Deep Dive Into Open Source BI Tool Helical Insight
When Helical Insight first announced a couple of years ago that they were releasing an Open Source Business Intelligence (BI) tool, it really caught my interest and I reached out to founder Nikhilesh Tiwari to find out more about what he was doing. I spent a little time with the product and really liked where it was going and was determined to do more of a deep dive in the future, and with their release of version 3.0, that time is now.
Helical Insight (HI) is a Java application, so the installation was pretty straight forward, download the JAR file, double click and run the installer and take the default settings. It’s worth noting that you can use the application either on-premise or in a hosted cloud environment, I didn’t check if you can use it on AWS, but I imagine you could.

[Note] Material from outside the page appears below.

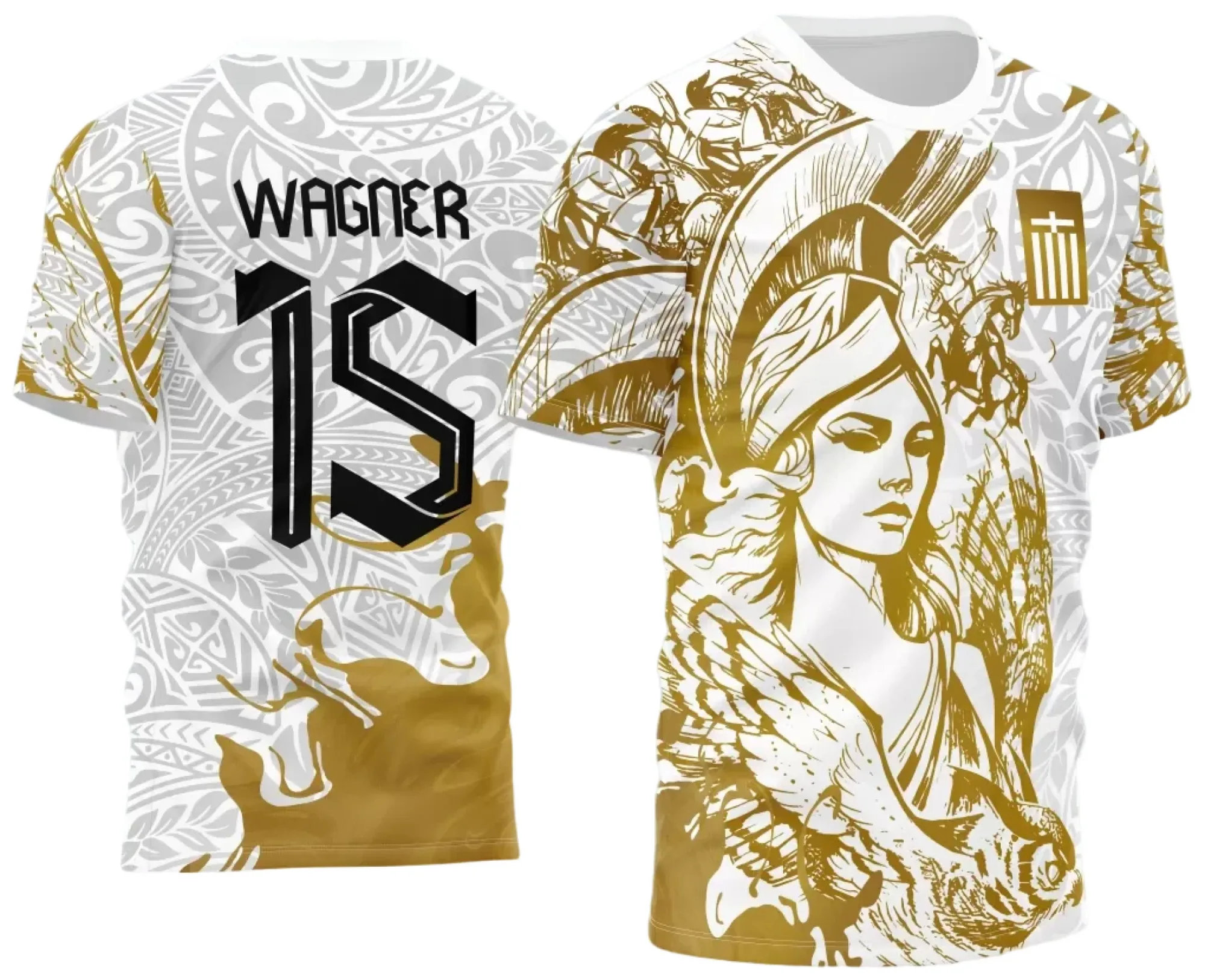 Camiseta unissex branca com logo no peito e estampa grande nas costas da Interclasse Athenas 2024, ideal para eventos escolares e esportivos.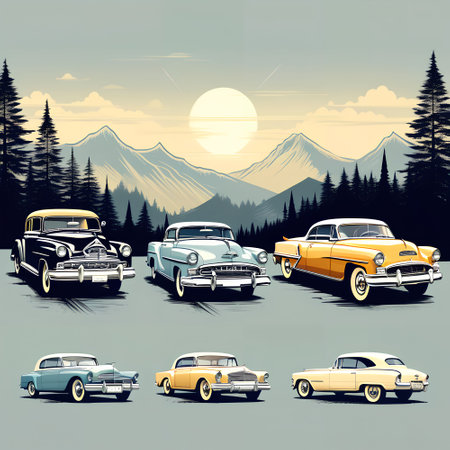 Vintage cars in the mountains. Vector illustration. Vintage style.の写真素材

Now we’re installed and we have a login page with extensive support for Single Sign On (SSO) as part of the role management. Since HI is a browser-based application, the developers planned ahead to make sure that it can be white labeled and embedded into your own systems. This embedding extends to the designer and report creation interfaces as well, not just the report delivery.
What I really liked out of the box was the variety of data sources and flat file options that were available to connect to, however, I didn’t see a method to connect to an API. In order to connect with certain data sources like ElasticSearch, have to jump through some hoops and using something like Dremio which is some additional work and would have been nice to have available by default. That said, HI does provide tight integration with the JDBC4 driver which gets you connected directly to pretty much any database.
Once the data source connections are defined, then you need to create the metadata that describes all the joining conditions and relationships for the data, the metadata also allows you to embed SQL queries, a powerful feature. The metadata definitions allow for granular level security definitions, down to the table level/column level and actual data/row-level for user roles profiles and organizations. The security layer also allows you to write Groovy security code to create very complex security conditions as well. One lack I saw with the metadata definitions is the lack of ability to create any cube or hierarchies or be able to define data types, this would be a desirable feature and make reporting easier in a variety of places.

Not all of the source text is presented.